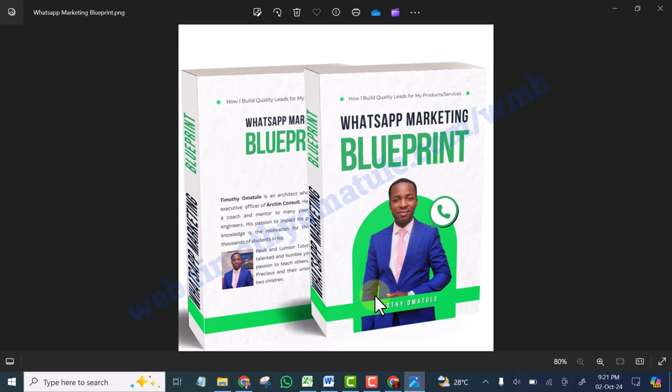If you want to really learn how to sell your products and services using WhatsApp, I have created a step-by-step book that you can follow and gain access to all my steps, all my strategies that I use to sell my own products and services on WhatsApp. I will leave the link to where you can download the book in the description of this video. Simply tap on that link and it will take you to where you can download this book. All right, see you there. Bye bye.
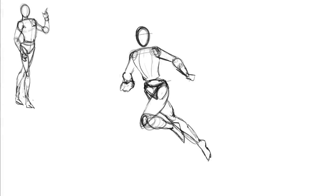Hello everyone, my name is Robert Marzullo from RAM Studio Comics and welcome to my course on how to improve your figure drawing.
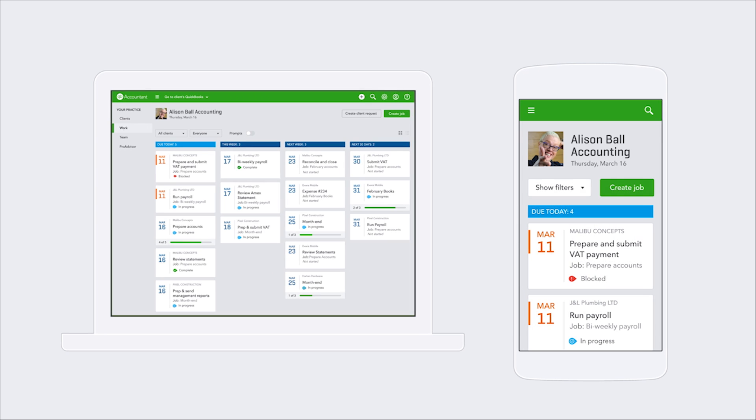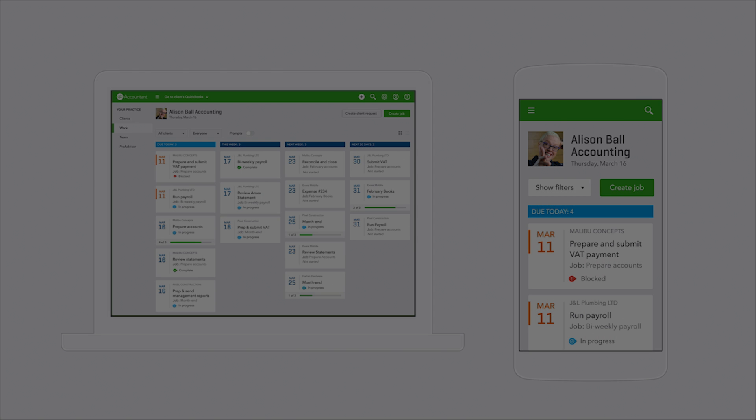And then at the very end there, what you saw was a picture of all of this on a phone. So if you're outside of the office, you can still work on all of these same things in Practice Manager. Thank you.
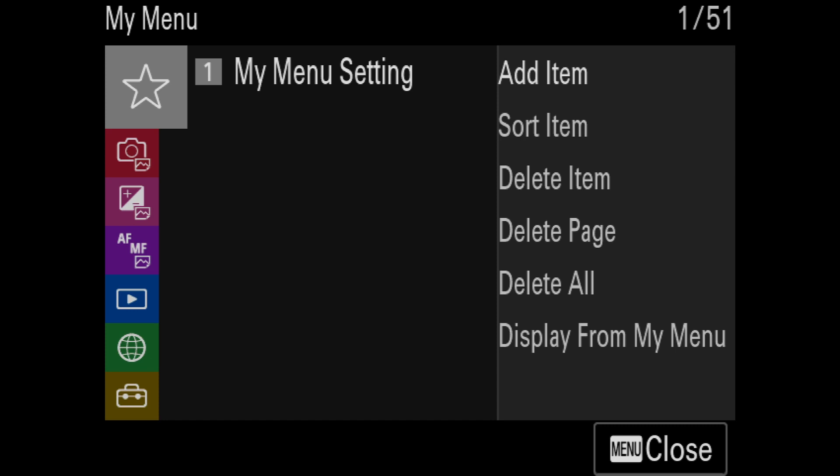Before you can use Arsenal with your Sony A1, it's important to configure a couple of USB settings on your camera. In this quick video, I'll show you how to do that.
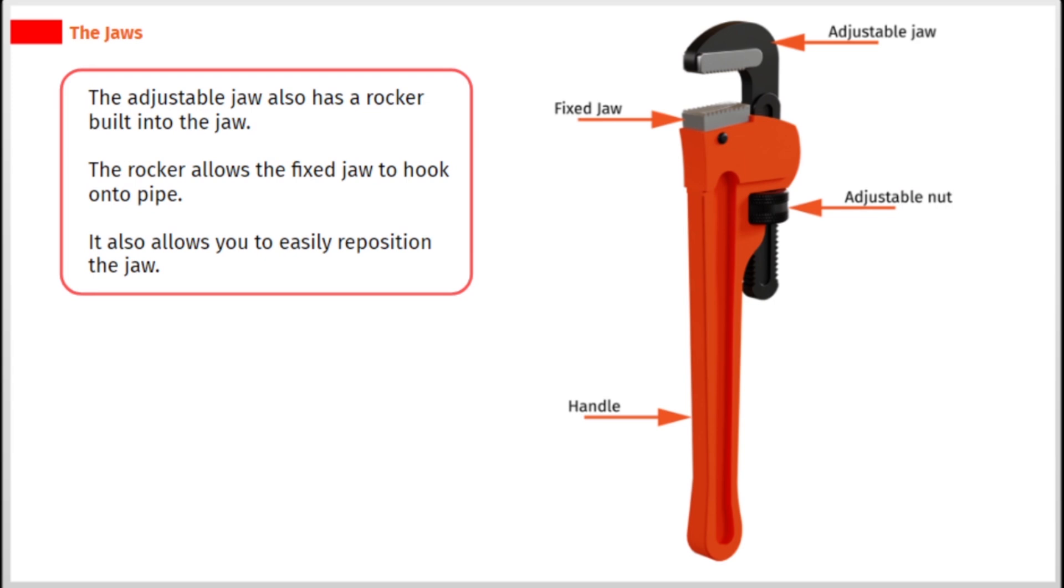The adjustable jaw also has a rocker built into the jaw. The rocker allows the fixed jaw to hook onto pipe. It also allows you to easily reposition the jaw.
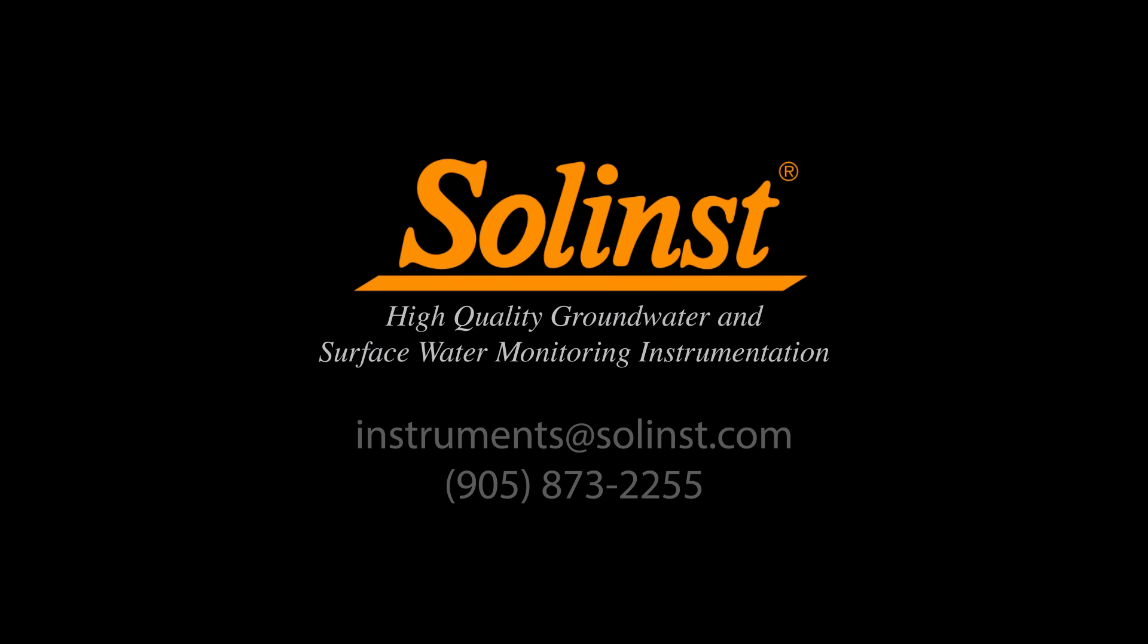Thank you for watching. Be sure to watch our next video that discusses troubleshooting and diagnostic options.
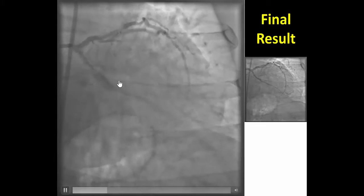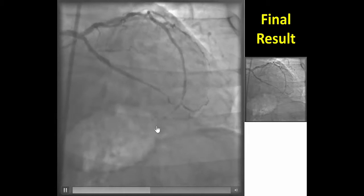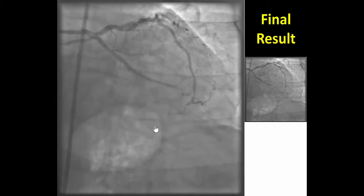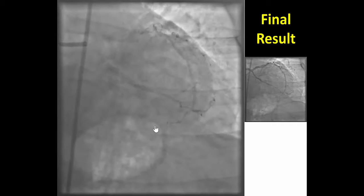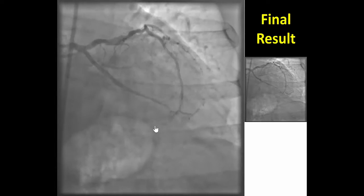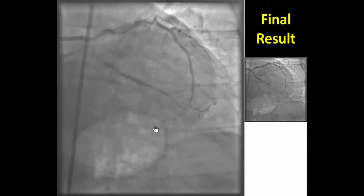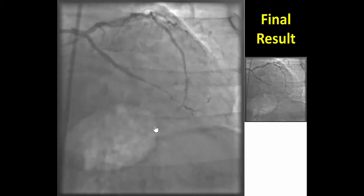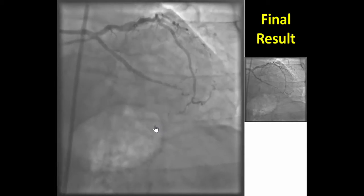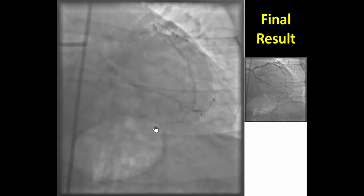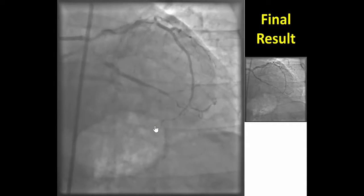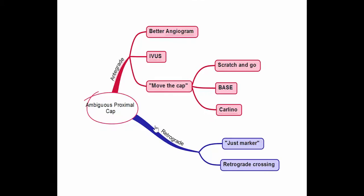Following stenting, there was restoration of flow into the circumflex. Unfortunately, we lost the distal branch of the obtuse marginal. In cases like this, it is sometimes better to not try to re-canalize it given the small size and high complexity. This also illustrates the challenges when there's a bifurcation on the distal cap, because if the lesion is crossed sub-intimally, there is a high likelihood of losing that side branch.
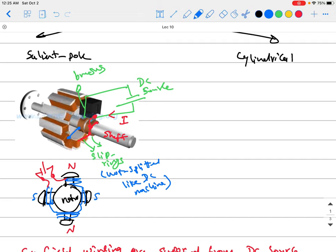The slip ring is not split like in a DC machine, because here we're not trying to transform DC to AC or anything like that. In a DC machine, we split the commutator to act like a rectifier — converting AC inside the machine to DC outside, or vice versa. Here we just want to apply DC voltage to the rotor coils and keep it unidirectional, so the north and south poles maintain their polarity all the time.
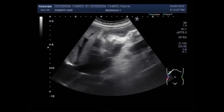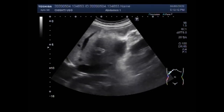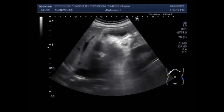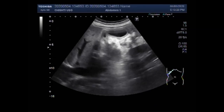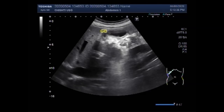Now you can see a small amount of sludge is seen in the gallbladder. Now this is the gallbladder. This is the sludge you can see.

════

(Activity):
Reproduce every entry exactly, but omit each picture.

(Your solution):
If you want to really learn how to sell your products and services using WhatsApp, I have created a step-by-step book that you can follow and gain access to all my steps, all my strategies that I use to sell my own products and services on WhatsApp. I will leave the link to where you can download the book in the description of this video. Simply tap on that link and it will take you to where you can download this book. All right, see you there. Bye bye.
Hello everyone, my name is Robert Marzullo from RAM Studio Comics and welcome to my course on how to improve your figure drawing.
And then at the very end there, what you saw was a picture of all of this on a phone. So if you're outside of the office, you can still work on all of these same things in Practice Manager. Thank you.
Before you can use Arsenal with your Sony A1, it's important to configure a couple of USB settings on your camera. In this quick video, I'll show you how to do that.
The adjustable jaw also has a rocker built into the jaw. The rocker allows the fixed jaw to hook onto pipe. It also allows you to easily reposition the jaw.
Thank you for watching. Be sure to watch our next video that discusses troubleshooting and diagnostic options.
Following stenting, there was restoration of flow into the circumflex. Unfortunately, we lost the distal branch of the obtuse marginal. In cases like this, it is sometimes better to not try to re-canalize it given the small size and high complexity. This also illustrates the challenges when there's a bifurcation on the distal cap, because if the lesion is crossed sub-intimally, there is a high likelihood of losing that side branch.
The slip ring is not split like in a DC machine, because here we're not trying to transform DC to AC or anything like that. In a DC machine, we split the commutator to act like a rectifier — converting AC inside the machine to DC outside, or vice versa. Here we just want to apply DC voltage to the rotor coils and keep it unidirectional, so the north and south poles maintain their polarity all the time.
Now you can see a small amount of sludge is seen in the gallbladder. Now this is the gallbladder. This is the sludge you can see.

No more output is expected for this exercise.